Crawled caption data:
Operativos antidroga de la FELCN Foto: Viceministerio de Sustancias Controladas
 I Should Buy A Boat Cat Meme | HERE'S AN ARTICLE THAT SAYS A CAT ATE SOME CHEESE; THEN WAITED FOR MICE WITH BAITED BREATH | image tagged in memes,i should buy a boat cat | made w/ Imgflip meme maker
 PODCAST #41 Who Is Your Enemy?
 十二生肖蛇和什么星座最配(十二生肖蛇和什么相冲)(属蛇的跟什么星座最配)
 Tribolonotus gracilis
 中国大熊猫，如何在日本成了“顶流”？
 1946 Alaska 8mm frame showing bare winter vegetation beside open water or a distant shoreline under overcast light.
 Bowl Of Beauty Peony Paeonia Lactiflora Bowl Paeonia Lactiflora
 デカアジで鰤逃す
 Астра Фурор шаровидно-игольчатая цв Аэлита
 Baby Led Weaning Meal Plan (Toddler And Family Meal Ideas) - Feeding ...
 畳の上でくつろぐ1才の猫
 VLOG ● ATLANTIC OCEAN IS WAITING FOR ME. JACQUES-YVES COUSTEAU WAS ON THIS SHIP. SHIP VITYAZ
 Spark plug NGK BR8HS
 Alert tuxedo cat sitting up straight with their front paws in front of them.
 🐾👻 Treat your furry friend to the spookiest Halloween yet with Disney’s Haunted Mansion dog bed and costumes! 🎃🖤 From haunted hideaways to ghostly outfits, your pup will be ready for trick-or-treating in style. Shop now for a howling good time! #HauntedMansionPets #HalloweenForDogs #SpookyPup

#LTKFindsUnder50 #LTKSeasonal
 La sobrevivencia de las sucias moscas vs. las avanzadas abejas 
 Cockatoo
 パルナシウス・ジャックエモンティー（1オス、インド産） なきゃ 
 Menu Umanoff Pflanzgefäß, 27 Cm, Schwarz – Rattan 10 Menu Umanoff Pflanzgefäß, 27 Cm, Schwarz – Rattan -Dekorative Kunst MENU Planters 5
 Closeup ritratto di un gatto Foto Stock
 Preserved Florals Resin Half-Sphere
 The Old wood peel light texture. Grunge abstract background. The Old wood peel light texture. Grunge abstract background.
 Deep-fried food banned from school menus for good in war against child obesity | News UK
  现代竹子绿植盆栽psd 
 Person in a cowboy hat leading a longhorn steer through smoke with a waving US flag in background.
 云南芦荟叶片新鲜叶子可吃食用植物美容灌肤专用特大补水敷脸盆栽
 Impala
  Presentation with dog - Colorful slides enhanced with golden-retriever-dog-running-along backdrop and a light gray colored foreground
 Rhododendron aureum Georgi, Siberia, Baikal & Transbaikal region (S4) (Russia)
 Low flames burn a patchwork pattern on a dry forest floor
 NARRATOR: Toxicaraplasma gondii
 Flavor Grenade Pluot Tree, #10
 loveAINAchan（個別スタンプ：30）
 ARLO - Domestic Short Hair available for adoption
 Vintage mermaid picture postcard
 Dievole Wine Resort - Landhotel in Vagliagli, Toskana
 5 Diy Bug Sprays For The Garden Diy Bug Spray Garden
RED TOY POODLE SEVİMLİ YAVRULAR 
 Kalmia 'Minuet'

WHAT IS REQUIRED
Given the records above, reproduce precisely and only the lines between the line holding "Spark plug NGK BR8HS" and the line holding "パルナシウス・ジャックエモンティー（1オス、インド産） なきゃ", inclusive.

FINAL ANSWER
 Spark plug NGK BR8HS
 Alert tuxedo cat sitting up straight with their front paws in front of them.
 🐾👻 Treat your furry friend to the spookiest Halloween yet with Disney’s Haunted Mansion dog bed and costumes! 🎃🖤 From haunted hideaways to ghostly outfits, your pup will be ready for trick-or-treating in style. Shop now for a howling good time! #HauntedMansionPets #HalloweenForDogs #SpookyPup

#LTKFindsUnder50 #LTKSeasonal
 La sobrevivencia de las sucias moscas vs. las avanzadas abejas 
 Cockatoo
 パルナシウス・ジャックエモンティー（1オス、インド産） なきゃ 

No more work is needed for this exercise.